If the information is available in separate documents, the reader has to load each subdocument to read it. On a slow network connection (or busy server) this might take longer than the reader is willing to wait.

However, presenting everything in one large document also has its disadvantages. If it does not fit in one "screen" (whatever is displayed at once in a browser window) then the reader has to scroll through the document. If his interest hasn't been grabbed within the first couple of screens, he will likely go elsewhere. To prevent this, don't split up the document into arbitrary pieces, but add an overview and perhaps a table of contents at the top.

A one-document, or archived/compressed version of all the information on a particular topic is often useful. A reader can then download it and read (or print) it offline.

It's hard to give even a rough size for the size of a document, since there is no way to predict how much space a document will occupy on a reader's screen. One of the few aspects you can control is the loading time. A typical speed for loading a document is about 1 kilobyte per second. Many people use slow modems, and even when the physical connection is faster, the network can be very slow.

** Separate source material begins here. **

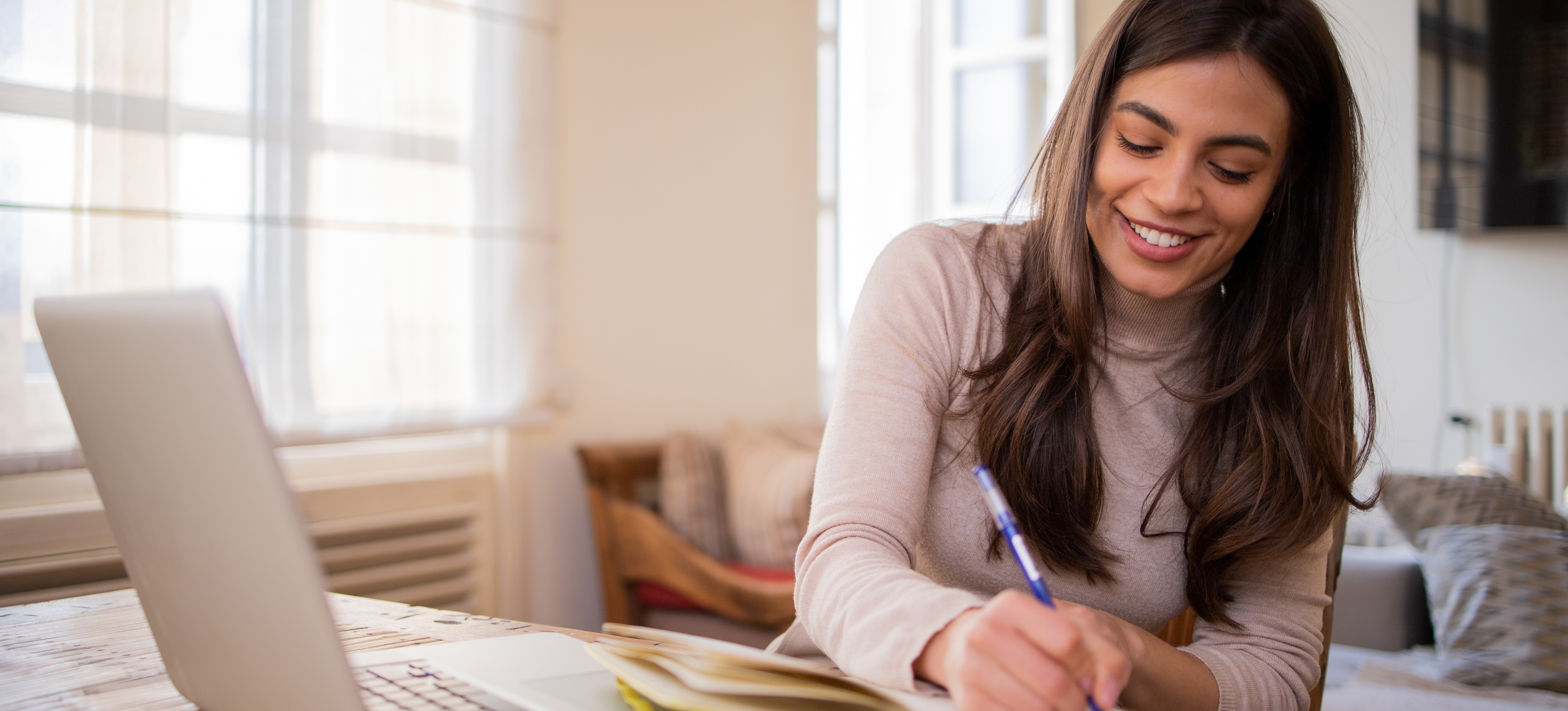 [Featured Image] A person wearing a turtleneck uses the Pomodoro study method while taking notes and listening to a lecture on their laptop.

For introductory pages, tables of contents and the likes, keep the total size (text and images) under 60 kilobytes in all cases. A size of 30 kilobytes is a recommended upper limit, since then a document takes only 30 seconds to download and render completely. Any longer and your reader may go elsewhere.
Informational documents should be split up in separate documents, as discussed above. There are situations where this is impractical - if each aspect is contained in one or two paragraphs of text, splitting it up is not necessary. A reasonable upper limit for such documents is 60 to 100 kilobytes. To make things easier for readers, the document could also be made available in a compressed archive, or in a one-part file.

On a related note, make sure that any navigational images in documents are less than 450 pixels wide. Most browser windows are about this size, and if your image is wider, the reader has to scroll horizontally to view the rest. For preformatted text, use a maximum of 75 characters for the same reason. Scrolling horizontally to read a document that is slightly wider than what you are used to gets tiresome really quickly.

Having a table of contents does not mean you can't directly link to documents available from it. Include links between related documents (e.g. "Next", "Previous", "More") so that readers aren't forced to navigate to the table of contents (this is known as the "staircase syndrome") every time.

Referring vs copying

When referring to information which is on a server outside your own control, you might be tempted to make a local copy of it. In some cases, this can be a good thing, but there are also good arguments against it.

Reasons for leaving the document where it is:

When the document is updated by its owner, the link automatically refers to the updated information, so there no longer is a need to keep checking the remote site for any changes to the document.
The other server may be on a faster connection than yours, depending on where your readers will be coming from.
Copying a document to your server requires permission from the copyright owner. Referring to it doesn't.

Reasons for making a local copy:

If the information is only temporarily available (a news article, for example), then you have to make a copy. But make sure you do not violate the copyright of the author if you want to make the copy available.
If you want to refer to a particular piece of information, which might be changed, then a copy ensures you will keep that version.
Several documents might each contain information on one aspect of a problem. To combine them, links to the separate documents can be confusing to your readers. Extracting the relevant information and merging it into one document is a better choice.

Hotlists and indices

There already are many collections of "cool" links, indices to RFCs, FAQ lists or information on specific topics. Rather than creating the 1,000th list of links, make a personalized, annotated, list of pointers of specific interest. The best WWW pages are those that have something meaningful to say for themselves.

Document style

The style of a document helps a reader to browse through it, in order to find the information he is looking for. All documents on one subject should share the same style. This makes it easier to understand any particular document, and to jump to related information. Use the same "skeleton" or template to create all documents, and ensure that each element is used for the same function in all documents. This also helps maintaining the documents in the long term; because all documents share the same markup style, extracting information can be done automatically.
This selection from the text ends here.